The situation at all three verification centres is terrible. There are no proper arrangements for drinking water, shed or washroom facility at these centres. People have to sit on the footpath or to stand in sizzling heat for hours. Jostling starts when the gatekeeper loudly calls an individual for verification.

“I have been visiting Nadra centre for the last 10 days, but I am unable to enter the office to clear my case,” said Zameen Gul. Like others, his card was unblocked temporarily in April 2017 on the directives of Federal Minister Interior Chaudhry Nisar Ali Khan. Mr Gul’s CNIC was blocked three years ago.

Usman Ghani, 55, another affected person, lamented the “rough attitude” of the police guards and Nadra staff. He said that people having recommendation letters from the influential persons were allowed to enter the centre.

“People with Perchi (chit) are getting positive treatment and the poor have to visit again and again,” complained Mr Ghani. He alleged that police manhandled helpless people.

Nadra had blocked over 300,000 CNICs across the country of which 160,000 cases belong to Khyber Pakhtunkhwa and Federally Administered Tribal Areas (Fata).

The authority had blocked “bogus” CNICs on suspicion that foreigners, majority of them Afghan nationals, had obtained the citizenship cards.

The temporary relaxation was given to the affected people after alleged ethnic profiling of Pakhtuns in Punjab followed by protest movement of Awami National Party. The ANP lawmakers set up protest camp outside Parliament House to press the government for unblocking the CNICs of the affected people.

An official told Dawn that as per the headquarters’ directives only 40 cases were processed at each centre in Peshawar on daily basis while over 400 people visited each office.

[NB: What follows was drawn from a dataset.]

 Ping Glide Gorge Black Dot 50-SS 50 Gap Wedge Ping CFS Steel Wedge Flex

He admitted that slow verification process of blocked cards irritated people. He said that verification of documents was a lengthy process and the headquarters should strengthen the staff to expedite it.

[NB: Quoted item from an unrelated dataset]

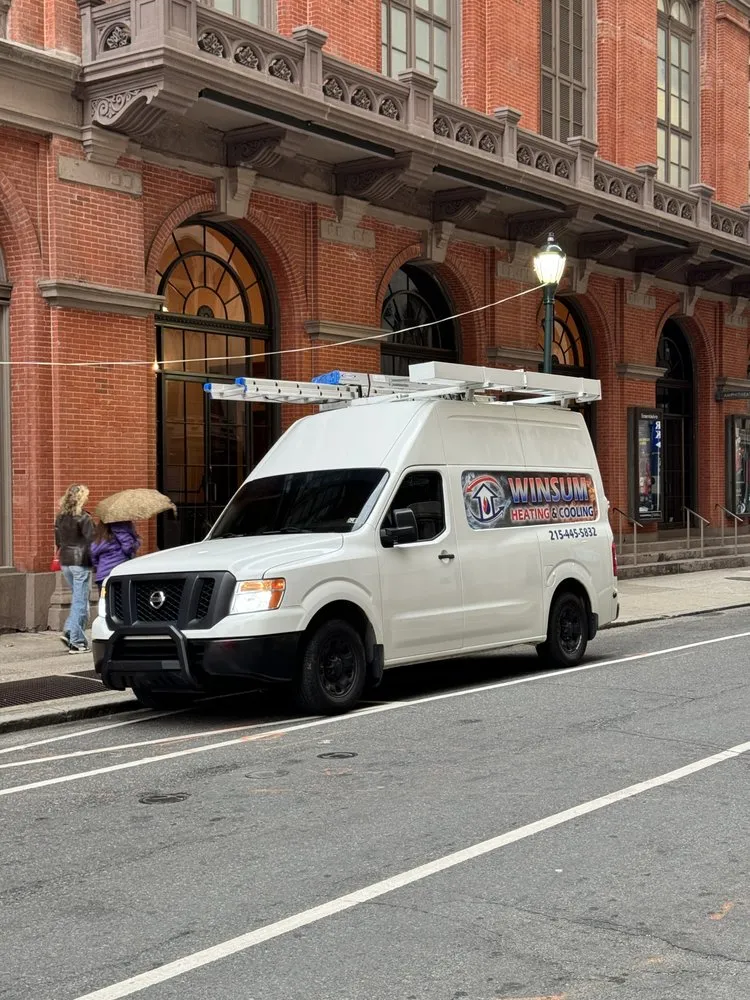 Slide of Winsum Heating & Cooling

“The authority may not be able to complete verification of blocked CNICs keeping in view the slow process,” the official said.

Officials said that suspected CNICs were unblocked only for two months. The relaxation has been extended for indefinite period. The authority informed the affected people to visit verification centres to clear their blocked cards.

Nadra Staff Officer Yaseer said that additional centre was opened in University Town due to increasing rush in Hayatabad. He claimed that facilities had been provided to the people visiting those centres.

“Nadra staff is facilitating visitors and every facility is available there,” he said. He said that verification centres had been set up in all district headquarters in the province and adjacent tribal agencies. In addition, the deputy commissioners concerned and political agents had been empowered to process the blocked CNICs.